Sie lächelt, wundert sich, als sie erkennt, dass eine besonders schöne Tonfolge immer wieder, bei jeder Lichtzeit, erklingt. Sie mag diese Töne, denen sie keinen Namen geben kann. Sie weiß von einer anderen Zeit, in der sie so etwas gehört und gemocht hat.
„Liebling! Wie geht es dir?“
Die Stimme verwebt sich mit den Tönen der Musik, schwingt im Gleichklang, zerstört die weichen Wellen nicht. Das Wort ‚Liebling’, denkt sie; das Wort ist gut. ‚Liebling.’
‚Das Wort ist in meinen guten Träumen’, denkt sie glücklich und versinkt wieder in sehr bunten Bildern.
Der harte Schall der Schritte wirkt wie Donner; vom Steinboden prallen die Geräuschwellen in ihr Bewusstsein, reißen sie aus einem Traum.
Atem! Ein heftiger, schneller Atem ist direkt über ihr, streicht über den Körper. Es ist der Atem der bösen Stimme. Sie verkrampft entsetzt, sucht nach einem Ausweg.
‚Weg! Weg! Nicht dieser Traum. Nicht dieser.’
Der Traum lässt sich nicht abschalten. Schmerzen befallen sie, sind überall. Der Traum stülpt sich über sie, umhüllt sie, legt sich schwer auf sie.

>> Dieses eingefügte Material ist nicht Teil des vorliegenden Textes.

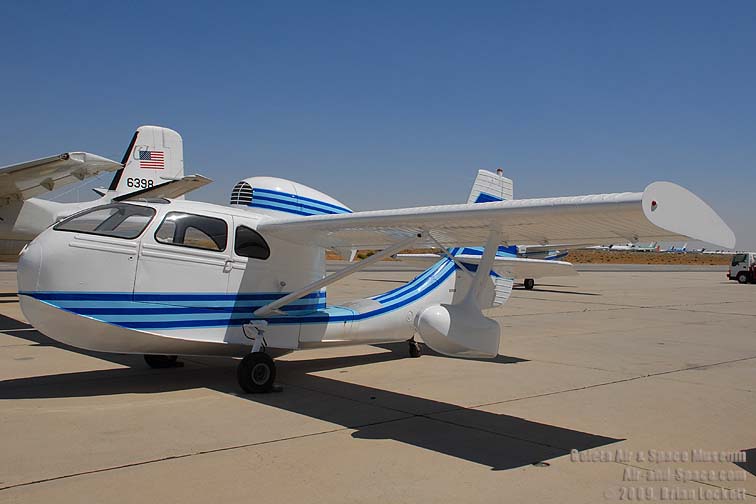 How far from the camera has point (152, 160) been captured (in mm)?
20219

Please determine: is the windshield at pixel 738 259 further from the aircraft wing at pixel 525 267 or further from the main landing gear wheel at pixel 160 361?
the main landing gear wheel at pixel 160 361

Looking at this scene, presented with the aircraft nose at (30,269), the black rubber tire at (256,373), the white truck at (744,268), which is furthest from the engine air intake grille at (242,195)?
the white truck at (744,268)

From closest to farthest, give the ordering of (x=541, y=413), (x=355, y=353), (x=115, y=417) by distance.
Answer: (x=115, y=417) → (x=541, y=413) → (x=355, y=353)

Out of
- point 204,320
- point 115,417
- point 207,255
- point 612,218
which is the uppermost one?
point 612,218

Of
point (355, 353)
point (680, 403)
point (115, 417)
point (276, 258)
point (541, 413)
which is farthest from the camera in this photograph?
point (355, 353)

Die Lichtzeit wird geteilt. Es ist nebeneinander Dunkelzeit und Lichtzeit. Noch nie, noch nie waren sie beide gleichzeitig da. In der einen Hälfte bleibt es hell, in der anderen wird es schwarz; dicht über ihrem körperlosen Bewusstsein liegt diese Schwärze. Dann wird es total schwarz, geraten die Wellen in konfuse Strömungen.
‚Es ist doch noch keine Dunkelzeit.’
Sie sitzt im Auto. Sie! Lichter tauchen auf, Straßenlampen werfen ihr Licht auf nassen Asphalt, Scheinwerfer bohren zittrige Strahlen in die Schwärze. Sie verkrampft ihre Hände um das Lenkrad. Die Scheinwerfer des Omnibusses sind direkt vor ihr, blenden sie. Das ist das Ende!
‚Aus! Abschalten!’, schreit sie, aber der Schrei bleibt lautlos, verhallt im konturenlosen Raum.
Die Angst wird unerträglich; sie öffnet den Mund, weit, schmerzhaft weit.
Sie schreit!
„Neiiiiin!“
Die Lichter verwischen sich, verstecken sich hinter dichtem Nebel. Ihr Schrei hallt mit tausend Echos durch den Raum. Plötzlich treibt sie weg, fließt zurück in ihren Körper; sie spürt ihre Glieder.
Sie ist wieder In-sich-selbst.
Arme und Rücken schmerzen unerträglich, die Kehle brennt. Es sind neue Schmerzen, andere. Sie bekommt keine Luft. Will atmen. Will leben.
Mit beiden Armen, die sich nur schwer heben lassen wollen, stößt sie sich vom Lenkrad ab, spürt Widerstand, drückt und stemmt heftiger.
Sie weiß plötzlich, dass sie nicht in einem Auto sitzt, sie stemmt sich nicht gegen ein Lenkrad, fährt nicht vor einen Bus.
Sie bäumt sich auf, spürt einen Körper, der ihr etwas vor den Mund drückt.
Sie schreit in das Kopfkissen, bis sie in unendlicher Schwärze versinkt. Ein erstickter, letzter Schrei flieht aus ihrem Mund. Er hört nicht auf, lässt sich nicht abschalten. Dann ist die Schwärze weg.
Sie sieht!
Sie sieht einen tiefschwarzen, riesigen Schatten, der an der Wand neben dem Fenster hoch wächst. Ihr Atem rasselt, ihre Brust brennt, ihre Glieder, der Kopf und der Rücken schmerzen so stark, dass sie schreien muss, immer wieder. Sie schreit, tobt und wimmert; sie will nicht in diesem Traum sein. Sie muss zurück. Sofort. Zurück in das schützende Außer-sich-selbst.
Erschöpft liegt sie da, stiert in das helle Viereck vor ihren Augen. Es ist still im Raum. Es ist eine andere Stille, als die, die sie bisher kannte.
Sie hört ihren eigenen Atem. Er rasselt und grunzt. Und andere Geräusche sind da. So viele Töne. Regen peitscht gegen das Fenster. Es prasselt, Tropfen fallen auf das Fensterbrett, klatschen auf die Scheibe. Vor dem Fenster wuchtet sich das Dreieck einer Fichte in den grauen Himmel, lässt sich widerstrebend vom böigen Wind bewegen.

Sie weiß, dass die Zeit der Träume vorbei ist; sie weint, möchte zurück in ihren Traum, in ihre Sicherheit. Es dauert lange, bis sie aufgibt.
Der Regen hat aufgehört, es wird heller im Zimmer. Die Wände haben Farbe. Sie sind lindgrün. Blumen stehen auf einem Tisch. Bunte Bilder hängen an den Wänden.
„Ich bin – ich bin Tina!“, denkt sie.
Und sie hört die leichten Schritte ihrer Mutter vor der Tür. Diese Schritte kennt sie. Sie kennt sie, wie alles, was sie jemals von ihrer Mutter gehört hat.